**What is being asked**
Without the images, output each record below as it stands.

**Dataset records**
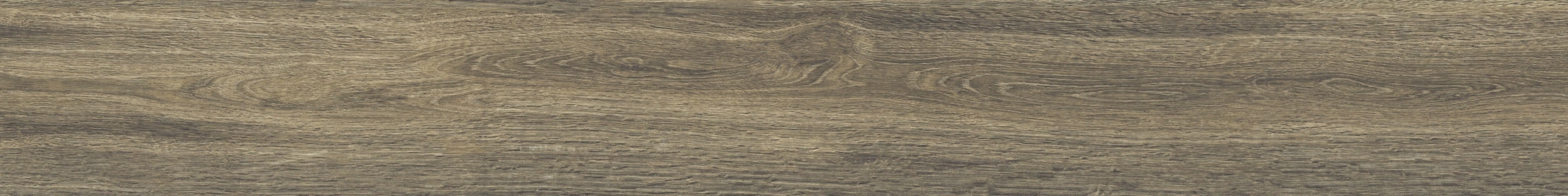 Casalgrande Padana Planks Muschio Naturale 30x240  Rekt.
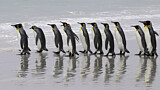 Image. Königspinguin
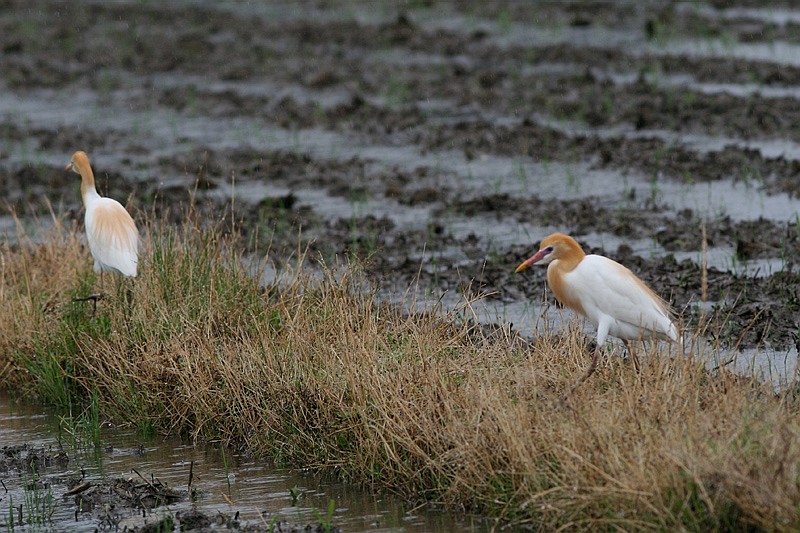 アマサギ_c0107231_209271.jpg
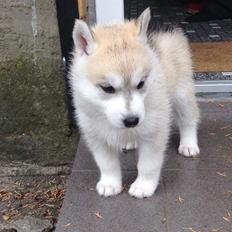 Siberian husky Mesmocan Karu Manta (Karu)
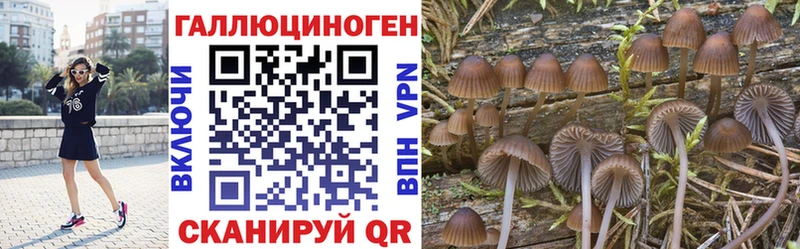 наркота  Будённовск  Псилоцибиновые грибы Cubensis 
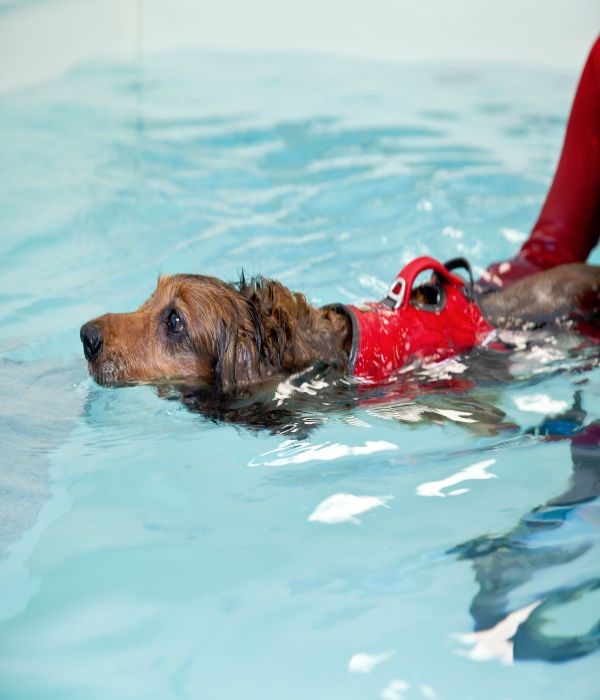 We offer Canine Hydrotherapy. Click here for more information...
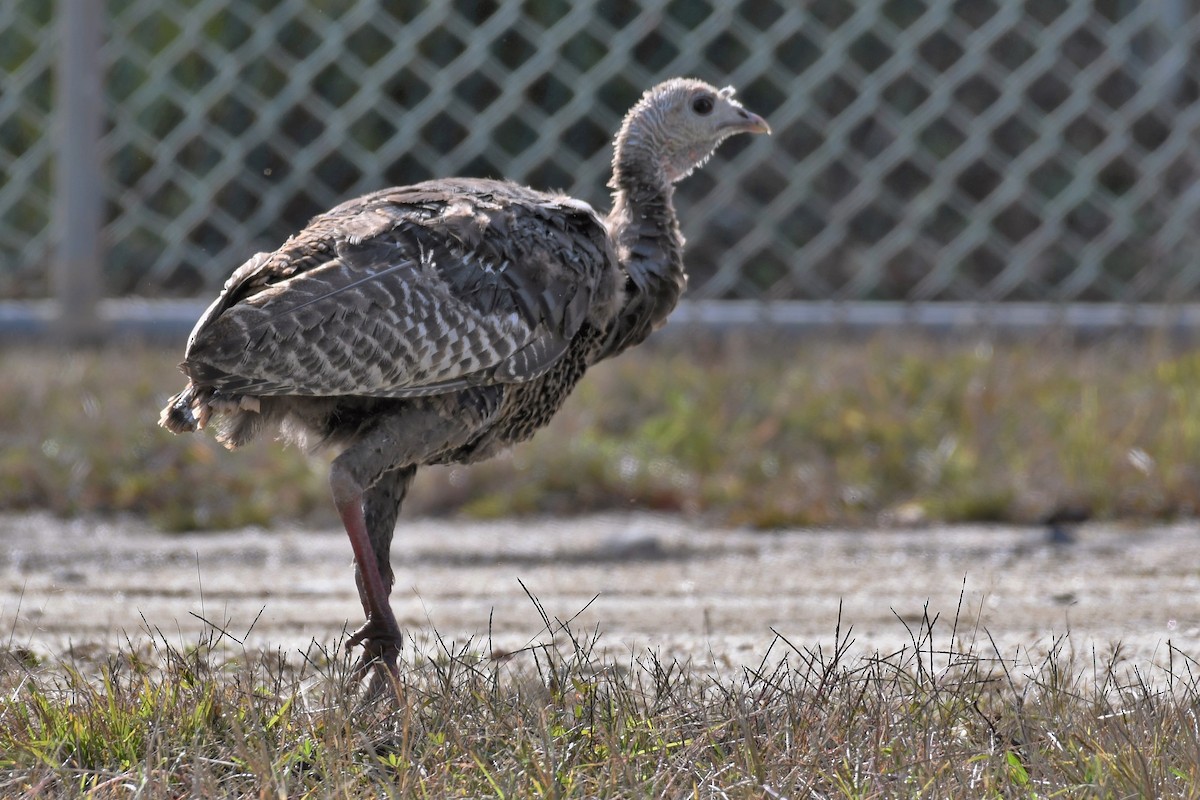 Wild Turkey - ML274412491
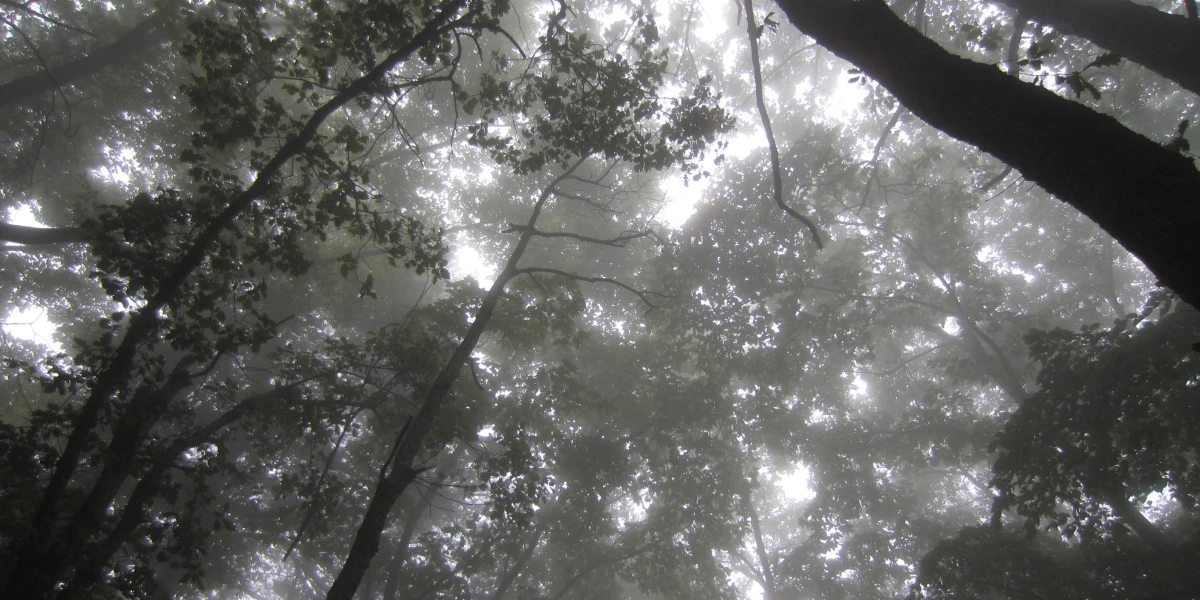 Wald im Nebel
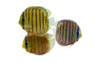 Wild Brazilian Discus :: 62353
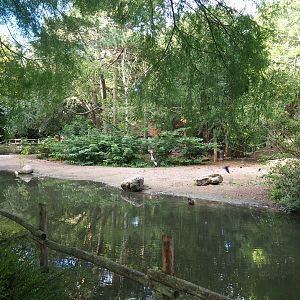 North African ostrich, East African crowned crane and Helmeted guineafowl paddock, 2022-08-28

**Exercise solution**
 Casalgrande Padana Planks Muschio Naturale 30x240  Rekt.
 Image. Königspinguin
 アマサギ_c0107231_209271.jpg
 Siberian husky Mesmocan Karu Manta (Karu)
 наркота  Будённовск  Псилоцибиновые грибы Cubensis 
 We offer Canine Hydrotherapy. Click here for more information...
 Wild Turkey - ML274412491
 Wald im Nebel
 Wild Brazilian Discus :: 62353
 North African ostrich, East African crowned crane and Helmeted guineafowl paddock, 2022-08-28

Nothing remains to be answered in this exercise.